We will be fishing and having the BBQ at or near the small boat launch area. Park map below:

http://www.dnr.state.md.us/publiclands/southern/sandypointmap.html

Hurry up and clean up those rods and reels as this is going to be a fun time for all! Hope everyone can make it!


----------



## HuskyMD (May 19, 2000)

*sounds like a go*

count me in


----------



## FL FISHERMAN (Sep 30, 2002)

*Schweet*

I will be there with my 3 yr old son in tow!


----------



## HuskyMD (May 19, 2000)

*ok fine, I'll bring my 4 yr old and*

see if yours gets beat up.


----------



## FL FISHERMAN (Sep 30, 2002)

*LOL OK*

Anyone who has seen my son knows he is a bruiser. Already has two expulsions under his belt.  He beat up some of the older kids when they wouldn't play nice and so 2 babysitters later we hope this one will last  LOL see ya there!


----------



## Big Rad (May 19, 2003)

*I'll bring Kyle...*

My 11 year old can keep the peace I hope. Or maybe your to little guys can tag - team to keep him in line


----------



## BigJeff823 (Oct 14, 2002)

*Don't be Surprized if I cant show up*

I work on Saturdays from 8am-2pm but I might come by later.We'll see.


----------



## Hat80 (Sep 22, 2002)

*Hey Ron,*

You know I'll be there. I'll get that PM out to you ASAP. .....Tightlines


----------



## Flounda (Sep 9, 2001)

It still kinda early, but count me in. I'll be sending you the PM.


----------



## Orest (Jul 28, 2003)

Am in.

Check your PM.


----------



## FISHIN ROD (Feb 12, 2003)

count me in.


----------



## sand flea (Oct 24, 1999)

Are there any concessions we can get from the management there about hours for fishing? I know that I'd like to see the fall hours extended (maybe 11 PM until Dec. 1).


----------



## Orest (Jul 28, 2003)

*Ron - How many*

member have you gotten PM from?

Have we got a "What to bring in the way of food list yet?"


----------



## hookem (Mar 27, 2001)

My son and I are planning to attend. He's seven by then. I'll check with the wife first. Maybe they can join us later for the bbq. Can't wait to see you all there.

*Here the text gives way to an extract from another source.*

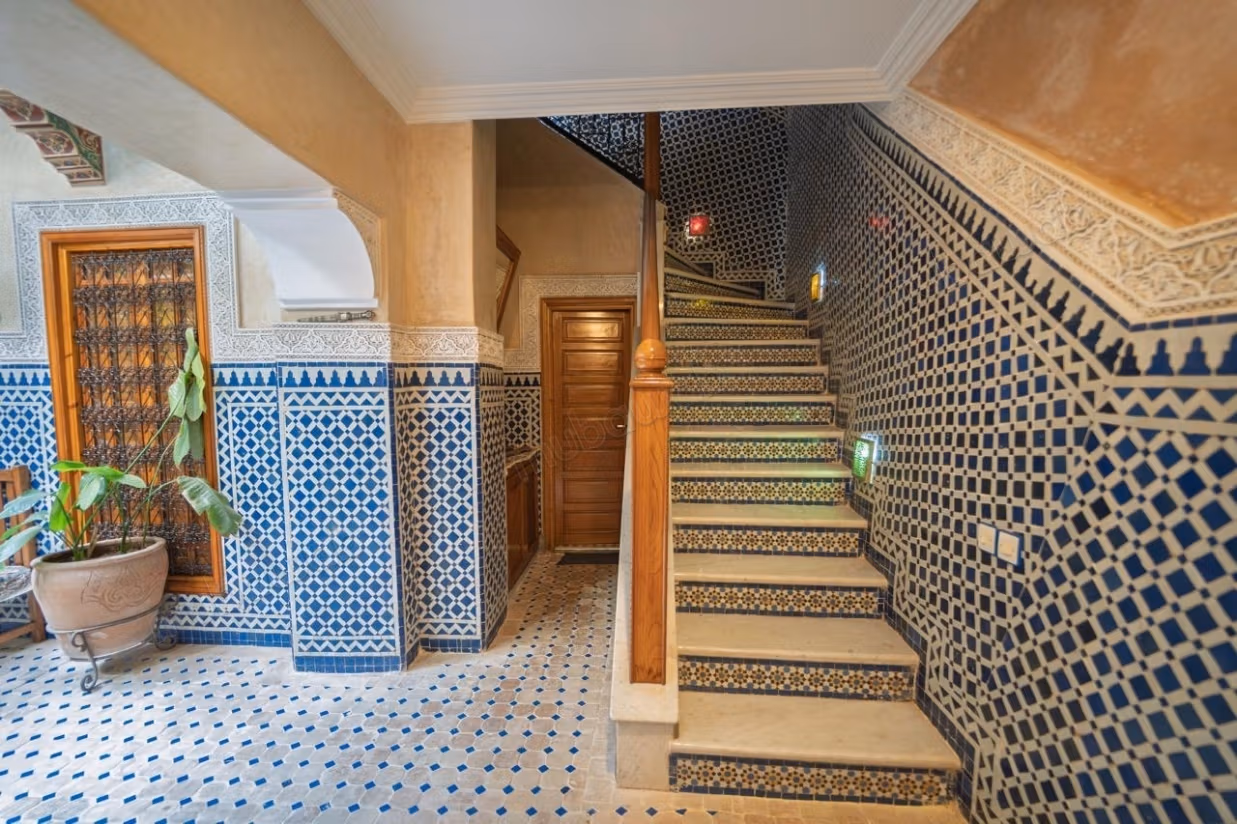 Riad magnifique de 162 m² entièrement titré Derb Dabachi Rénovation minimale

What's with this catch and release business. Rockfish season starts the week before that. I don't know about you, but I want them horses.


----------



## TRIGGERFISH (May 21, 2001)

Yea whats the idea of C&R, I need some fish for my tummy...mmmmmmmmmmmmmmmmmm!


----------



## catman (May 28, 2001)

*Trophy Season*

You can keep one rock over 28", season starts 4/17 through 5/15. Might be some croakers up that far by then also.

Catman.


----------



## TRIGGERFISH (May 21, 2001)

That's what I'm talking about"croaker" I'll throw back the little rock but if I catch a 28"er or better....well.


----------



## catman (May 28, 2001)

Sand Crab...Count me in for the clean-up. Wasn't sure if I could make it but rearranged things a little.

Catman.


----------



## sand flea (Oct 24, 1999)

Sandcrab, I should be able to make it.


----------



## Hat80 (Sep 22, 2002)

*Are you*

going to bring the bourbon*?*  LOL.....Tightlines


----------



## TRIGGERFISH (May 21, 2001)

So sandcrab what's the deal on the clean up and whom is bringing what????? I can bring some home made pork&beans a big pot. Forget the jumbalya.TRIGGER


----------



## fish-on (May 12, 2002)

in the original post, it was mentioned that catch and release fishing will be done. there have been comments made but no official response. so, what's the deal, if we participate in clean-up we have to catch and release...or is that just an option or mis-print?


----------



## Rugger (Sep 30, 2002)

Well, I'll certainly be there for catch and eat...


----------



## SurfMan (Jun 4, 2003)

*Should be there*

WtrDog and I should be there.... Just tell us what you would like us to bring.

At the Tank cleanup we brought about 5-7 bags of assorted chips, and left them for all to munch on long after we retired 
- Surfman


----------



## Hat80 (Sep 22, 2002)

*Hey Surfman,*

I remember all those leftover chips. We called FLF ruffles for two weeks after that. .....Tightlines


----------



## SurfMan (Jun 4, 2003)

*Hat and FLF*

Glad to see all of those Chips went to good use then!  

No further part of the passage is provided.